• **Records shown**:
..............................

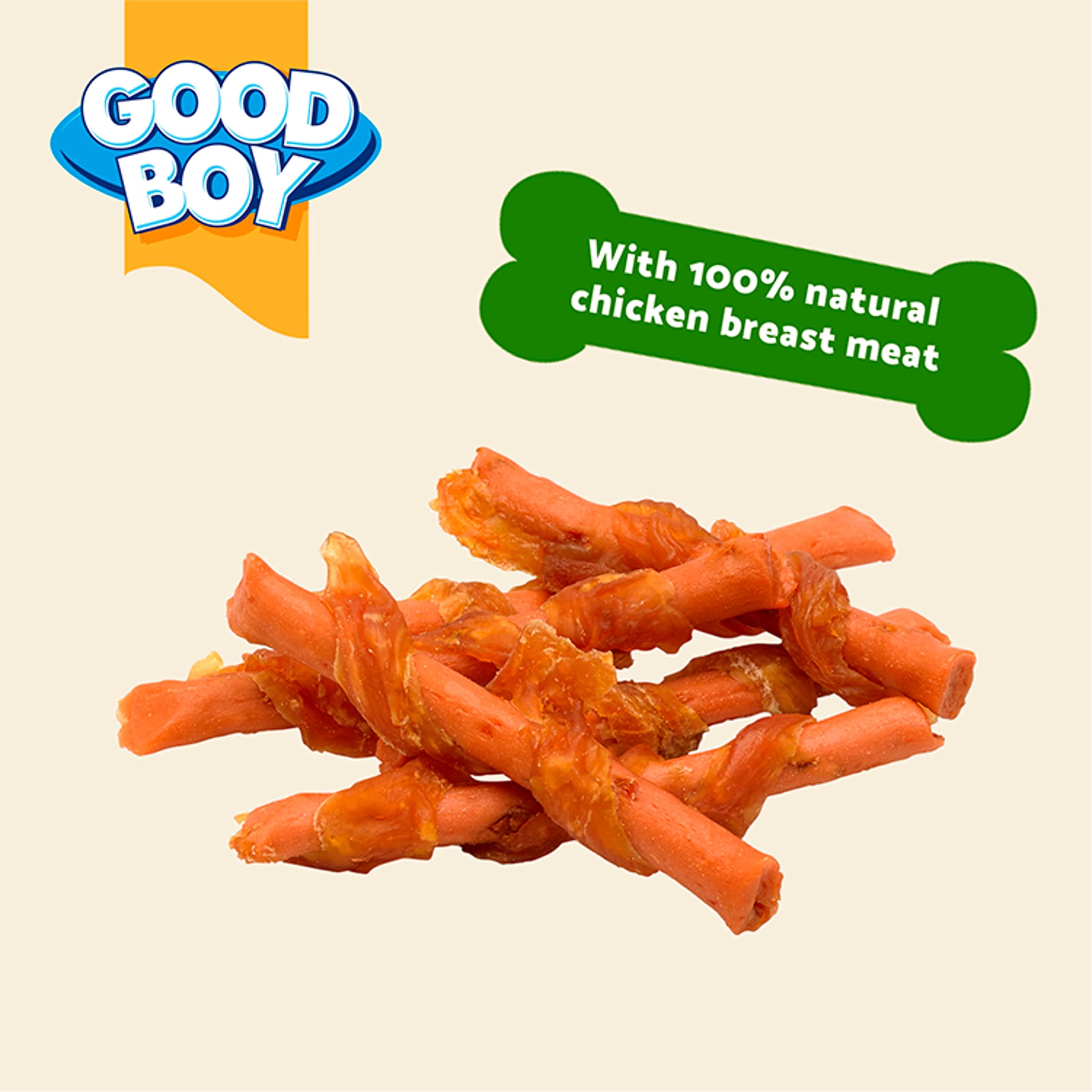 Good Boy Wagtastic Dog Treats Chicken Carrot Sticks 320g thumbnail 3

..............................

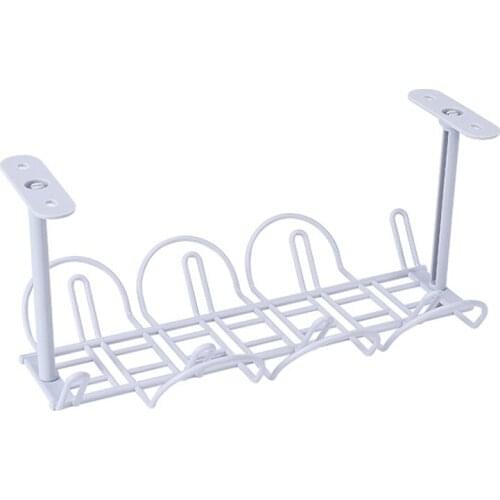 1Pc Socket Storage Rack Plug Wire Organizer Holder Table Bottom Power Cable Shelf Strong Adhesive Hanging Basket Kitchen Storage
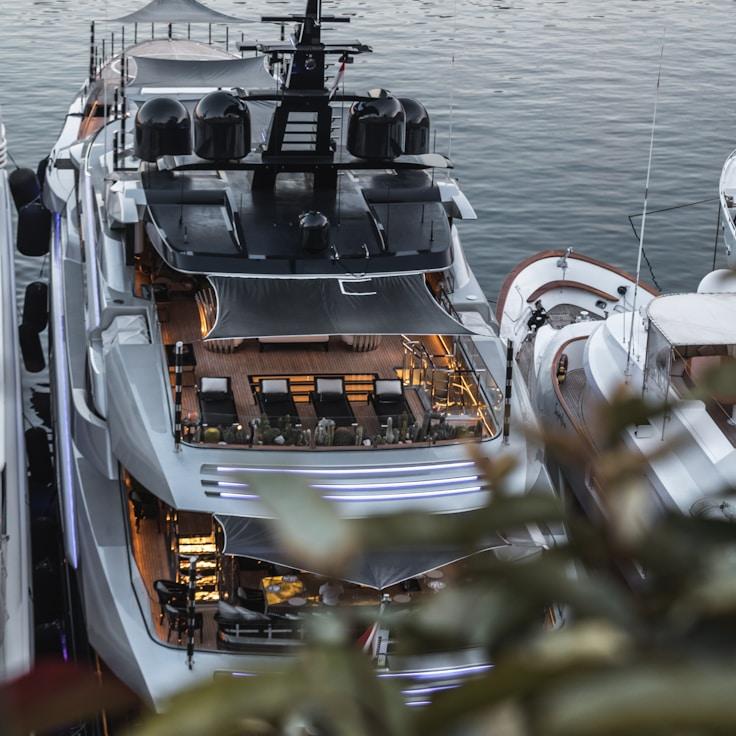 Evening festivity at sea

..............................

• **Work instruction**: When you reach the line with "1Pc Socket Storage" in the records above, start writing out each line exactly, and stop after the line with "Evening festivity at sea". Pictures stay out.

• **Task answer**:
 1Pc Socket Storage Rack Plug Wire Organizer Holder Table Bottom Power Cable Shelf Strong Adhesive Hanging Basket Kitchen Storage
 Evening festivity at sea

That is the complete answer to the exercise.